00:16:51.200 Look, it is possibly true that during a pandemic and, you know, people were panicking.
00:16:56.560 Remember, this is early 2020.
00:16:58.160 People are in a real hurry.
00:16:59.320 OK, so maybe everything isn't exactly by the book.
00:17:02.500 But her point is, in some cases, there's not even the most basic notation, aren't even basic invoices.
00:17:08.400 This is not just a matter of, you know, rushing through the process because you think that the sky is going to fall.
00:17:14.060 They just completely gave up on some of the most basic safeguards.
00:17:17.500 And the result is, you know, tens of millions of dollars wasted for taxpayers.
00:17:22.920 And again, you know, this is just one aspect of spending during the pandemic.
00:17:26.900 This is just an example of the lack of safeguards in place.
00:17:31.460 And, you know, Canadians have just paid an eye-watering sum for basically nothing.
00:17:37.200 Yeah, and I mean, obviously, she was focused just on a rive can here.

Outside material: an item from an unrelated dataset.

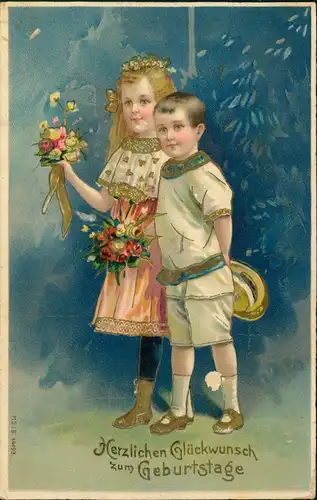 Glückwunsch Geburtstag Birthday Junge und Mädchen 1910 Goldrand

00:17:40.560 But I have to assume, and you would know this better than I would, given your work,
00:17:45.400 but I have to assume that there is underneath this revealing, I think, a bigger problem with
00:17:51.900 procurement in Canada because something like jumps out here and says that this to me is not
00:17:57.500 an aberration. This is probably business as usual. The fact that there's an entire company set up
00:18:02.580 that doesn't produce anything that just cashes a huge fat check and then finds other people to do
00:18:07.360 the work strikes me as evidence that this is pretty much business as usual in Ottawa.
00:18:12.960 Yeah, it's a serious problem.
00:18:14.060 And there's a bunch of layers, I would say, with respect to procurement that are the problem.
00:18:17.600 I mean, you do have this sort of basic ignorance of the rules.
00:18:21.640 You have people issuing, you know, sole source contracts when they should be open to competitive bids.
00:18:26.860 You also have in a lot of areas, you know, very sort of strange political layers to rather than getting sort of the best bang for your buck.
00:18:34.920 And I'm thinking particularly for military procurement.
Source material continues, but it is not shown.